FIGURE 5. Whole-slide analysis using the proposed method. (a) H&E-stained slide images, (b) corresponding RI sections, (c) annotation by pathologists from (a), and (d) CNN-based prediction from (b). The first three rows illustrate three different slides, and the last row is a magnified view of the third slide. Scale bars = 500 µm (first three columms) and 50 µm (last column).
To quantitatively evaluate the similarity between the predicted and ground truth images, the categorical image similarity metric (CatSIM) was computed.[38] CatSIM measures the similarity in RBC and fibrin distribution and uses the vector of proportions of each class and categorical variance, which is related to the diversity index.
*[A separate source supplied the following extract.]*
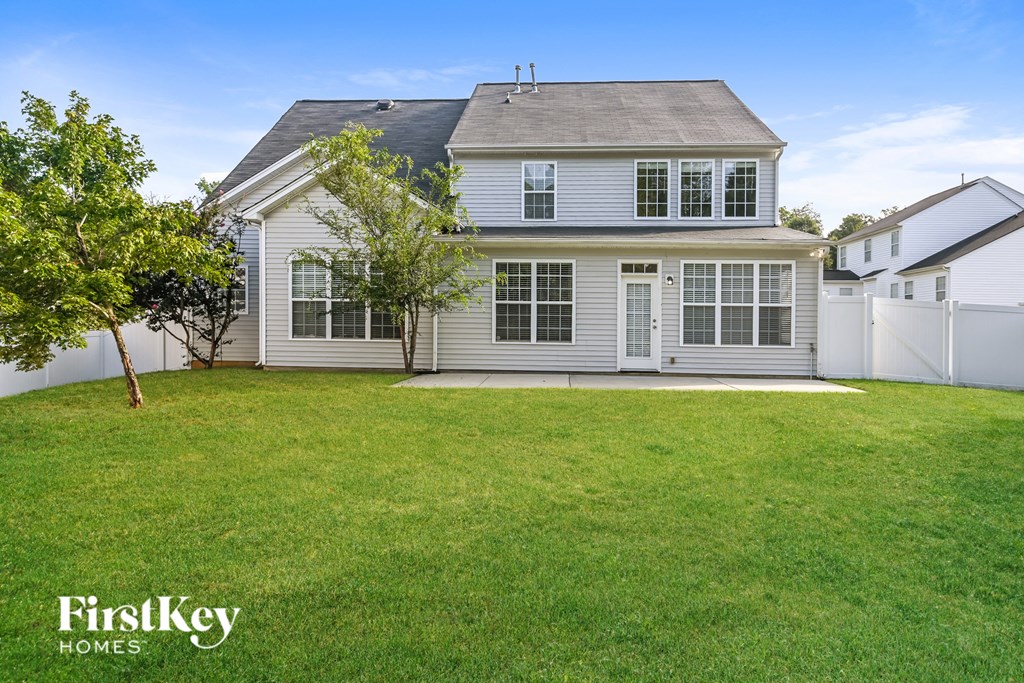 a white house with a lawn in front of it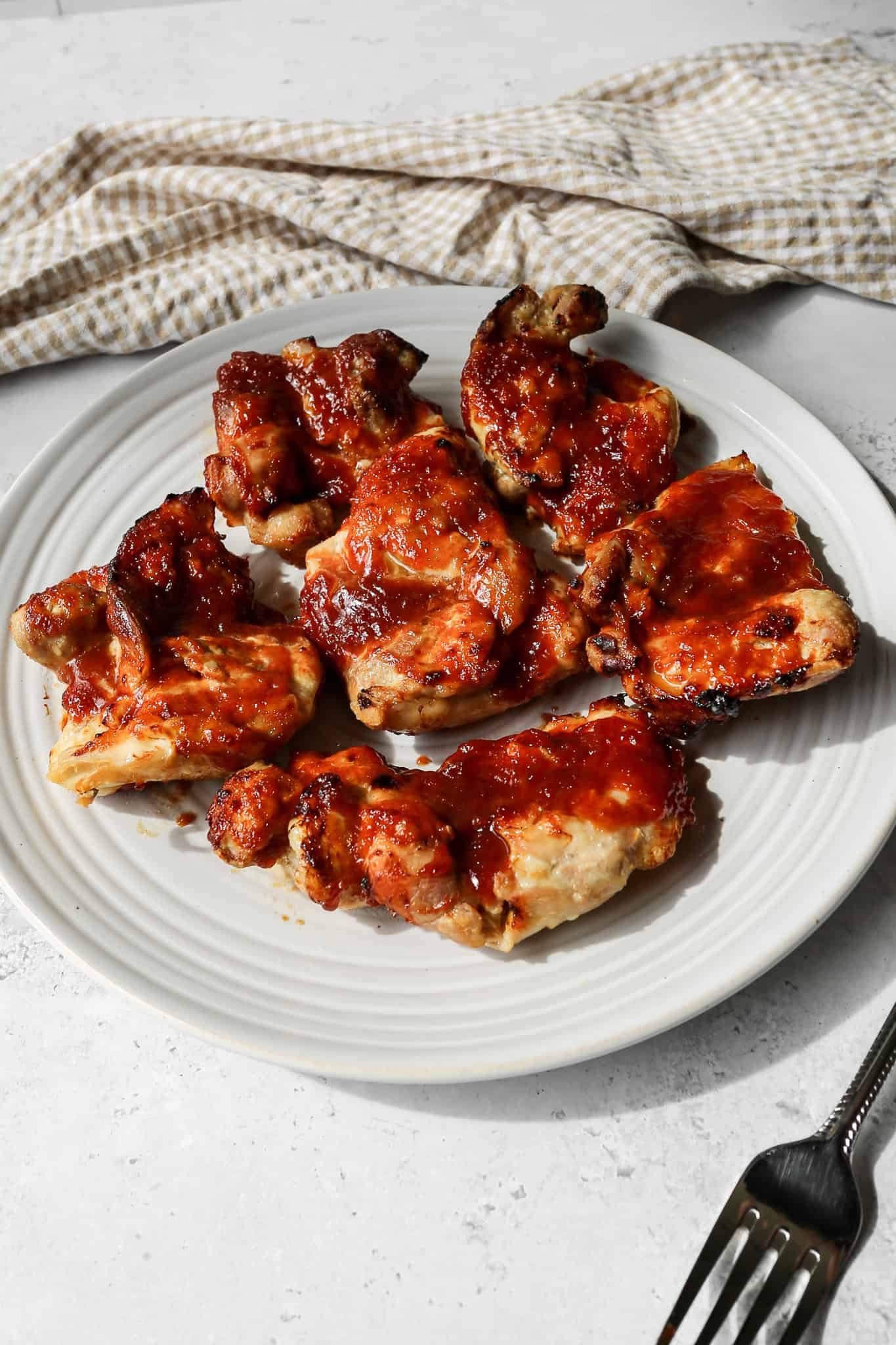 air fryer barbecue chicken thighs on a white plate next to a tan and white gingham kitchen towel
The terms for categorical luminance, contrast, and structural similarity were calculated to determine the CatSIM value (See Supporting Information). The CatSIM values for all three samples were close to 0.9, indicating that the DL prediction successfully inferred the thrombus structure and accurately identified the RBC-rich and fibrin-rich areas.
3.4 Thrombus Composition Ratio and Cross-validation
The DL model predicted the quantitative composition of the patient’s thrombus sample slides at the whole-slide level (Figure 6a ). The average error between the predicted composition and the ground truth was 1.1%, with a maximum error of 2.6%. We employed a slide-level cross-validation scheme to evaluate the DL model without bias in a limited number of samples. Each whole-slide sample provided at least ~3×104 patches, which is sufficient for DL training. There was slight variability in the prediction results based on different training data (Figure 6b). CNN2, which was trained with slide 2, tended to predict a higher ratio of fibrin than the ground truth (1.0% and 2.5%). The slide that was the least accurate was slide 1. Although the error was maintained under a certain level, the cross-slide error is thought to be largely a result of the difference between the adjacent slides or the variable nature of staining.